Neglected cemetery in Mid City gets cleaned up
BATON ROUGE - A major clean-up project is underway at a cemetery that's been neglected for years.
Sweet Olive Cemetery in Baton Rouge has no source of funding to maintain its gravesites, but residents are happy to see that someone has been cleaning up the place.
Martha Benton and her family have been living behind Sweet Olive in Mid City for more than a decade.
"It looks much better now than it did two weeks ago," Benton told WBRZ.
She says over the past few weeks, a busload of people have been coming by the cemetery.
"I see them cleaning up, cutting and pulling out stuff," Benton said.
But she has no idea who the people are. Her bother, Lionel Benton, has a friend buried in Sweet Olive.
"They buried him over here, and I was part of the funeral," Lionel said. "They deserve to have it cleaned, like all the other cemeteries all around Baton Rouge."
Piles of trash sit at the gate, just waiting to be removed.

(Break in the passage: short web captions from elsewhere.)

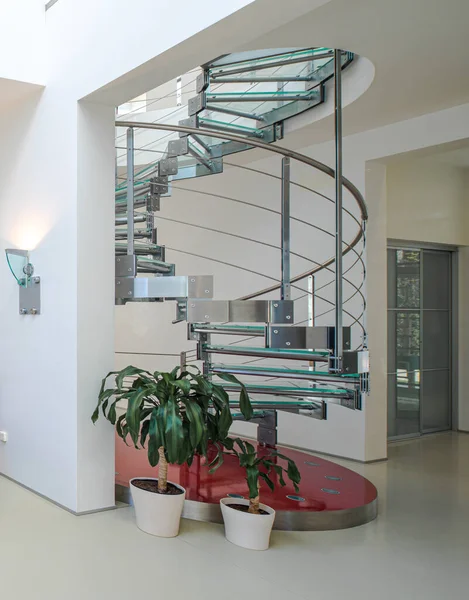 Спиральная Лестница Металла Стекла Роскошном Частном Доме Современный Белый Интерьер — стоковое фото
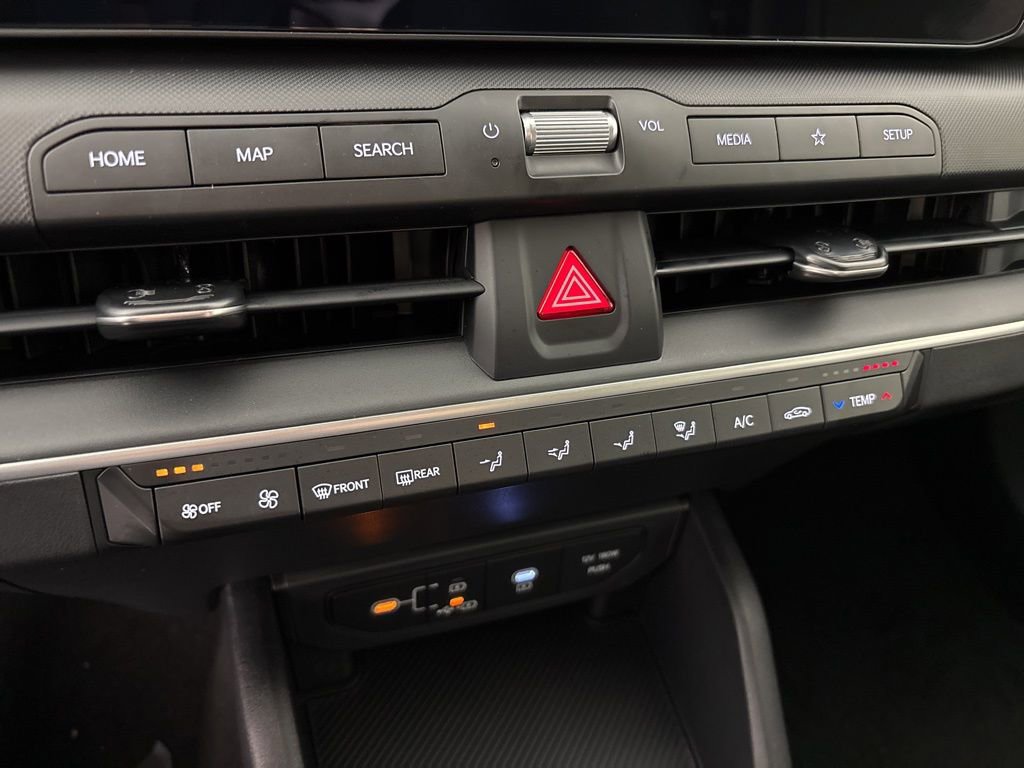 New 2026 Kia K4 LXS image 32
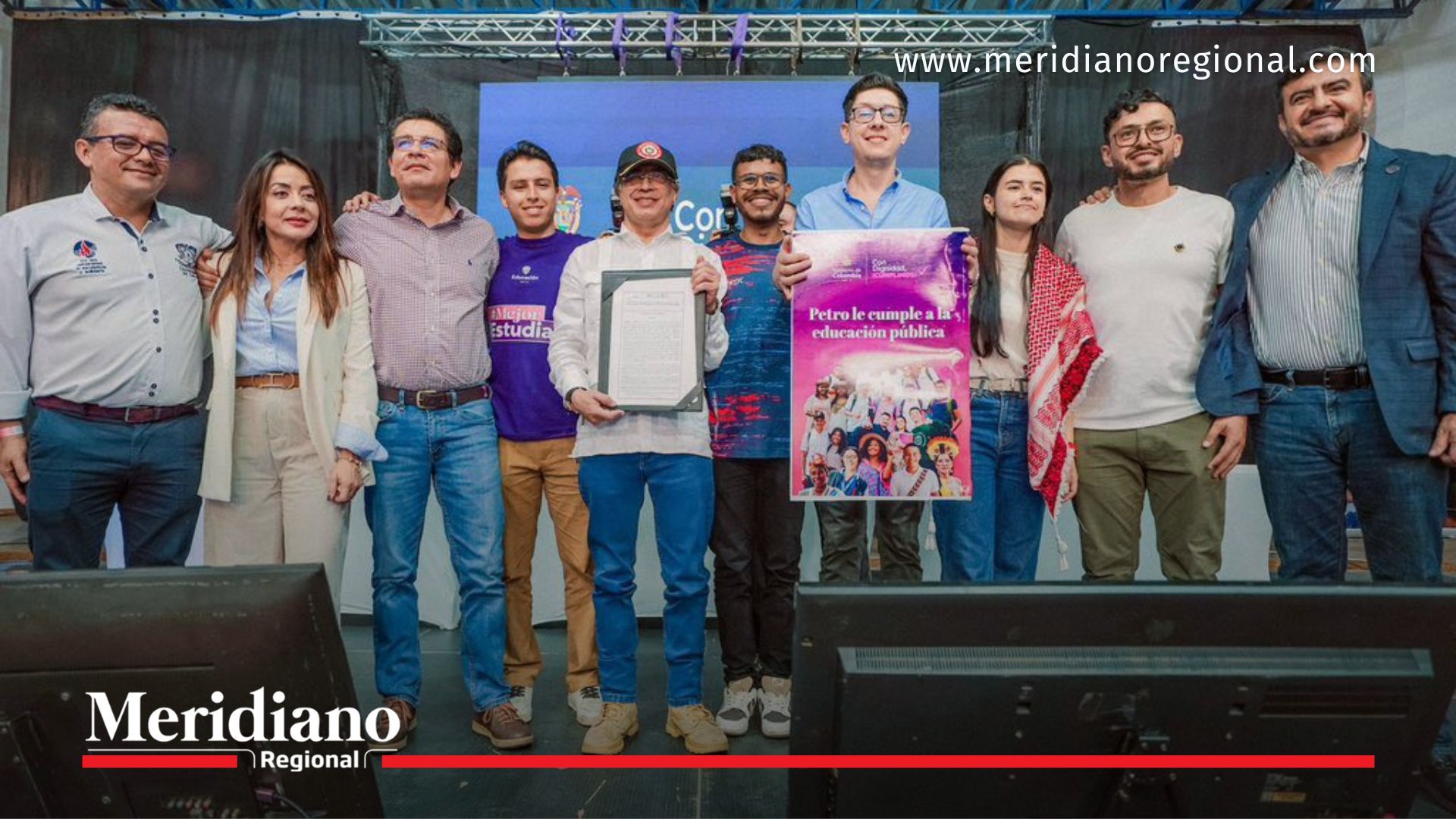El presidente Gustavo Petro sostiene el documento de la reforma Ley 30, que cambia el modelo de financiación de las universidades públicas en Colombia.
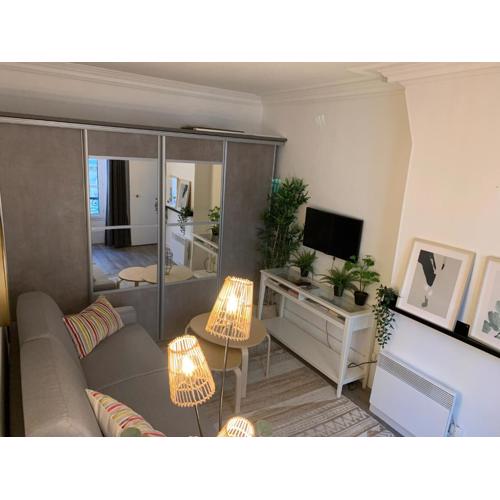 Studio moderne au cœur de Paris Batignolles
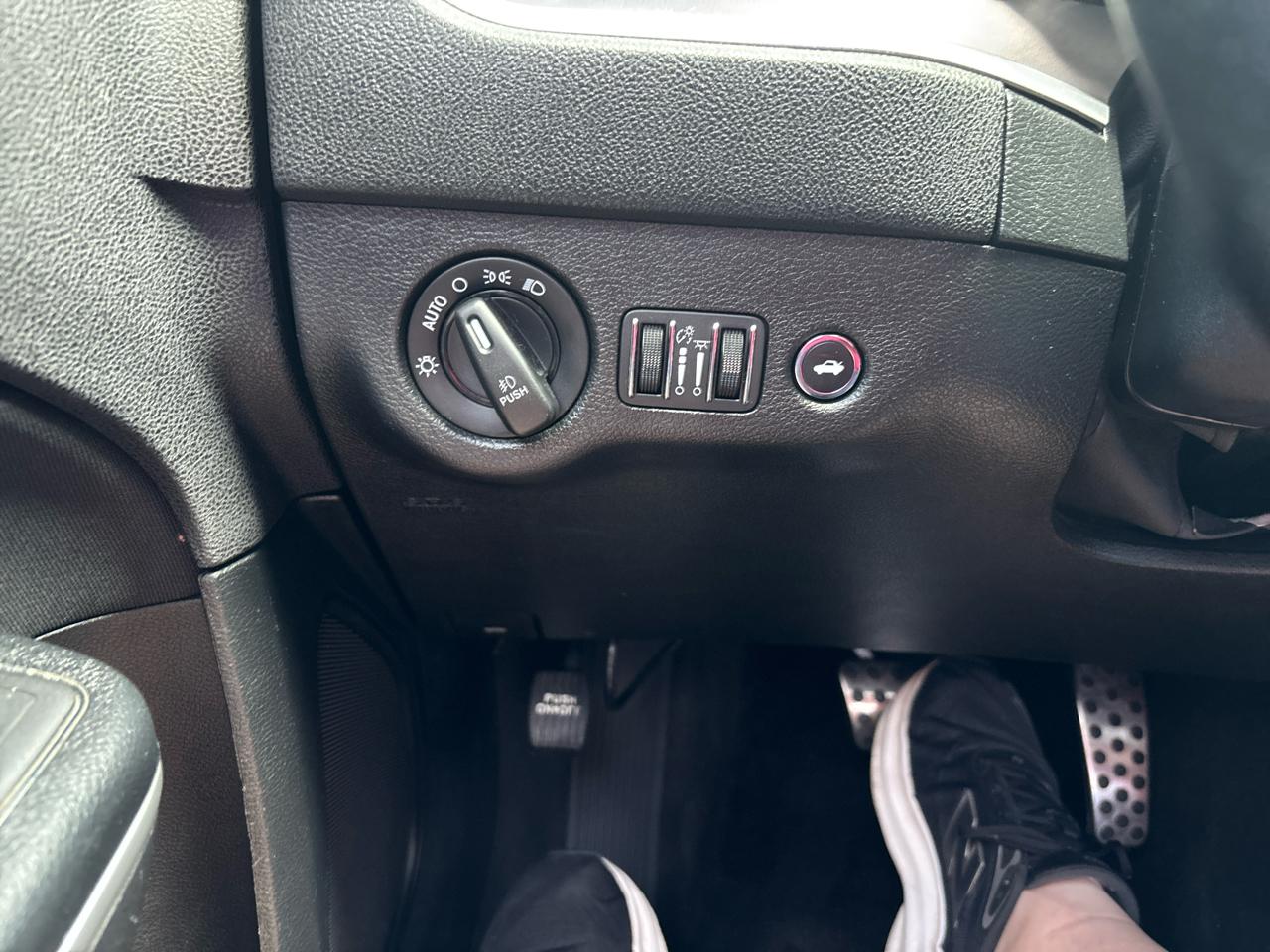Dodge Charger R/T RWD 2019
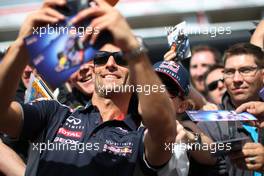 Mark Webber (AUS) Red Bull Racing with fans. 24.05.2013. Formula 1 World Championship, Rd 6, Monaco Grand Prix, Monte Carlo, Monaco, Friday.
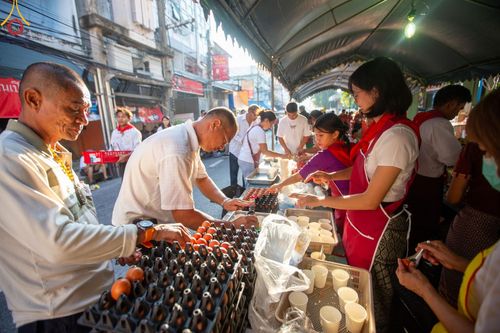 ภาพ No.151707:V.55 ทีมใหญ่ที่หาดใหญ่ เจ้าหน้าที่ทุกสถานะ หลายสัญชาติ ร่วมกันจัดงานตักบาตรที่หาดใหญ่ วันที่ 10-11 สิงหาคม พ.ศ. 2567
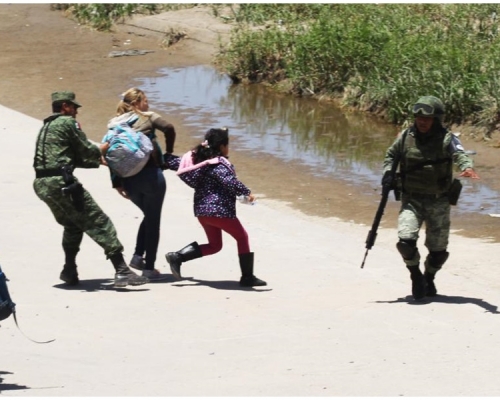 母女被墨西哥士兵阻止衝落水照片全球瘋傳。網圖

Sweet Olive is one of the oldest African American cemeteries in the state, where former slaves are buried. But even though a lot of progress has been made, nearby residents are concerned that once the cemetery is all cleaned up, it won't stay that way for long.
"It'll be okay for a while, then they wait a long time before they come back and it'll be grown up over your head," Benton said.
Over the years, several groups have volunteered at the cemetery, but the clean-up efforts have only been a temporary fix.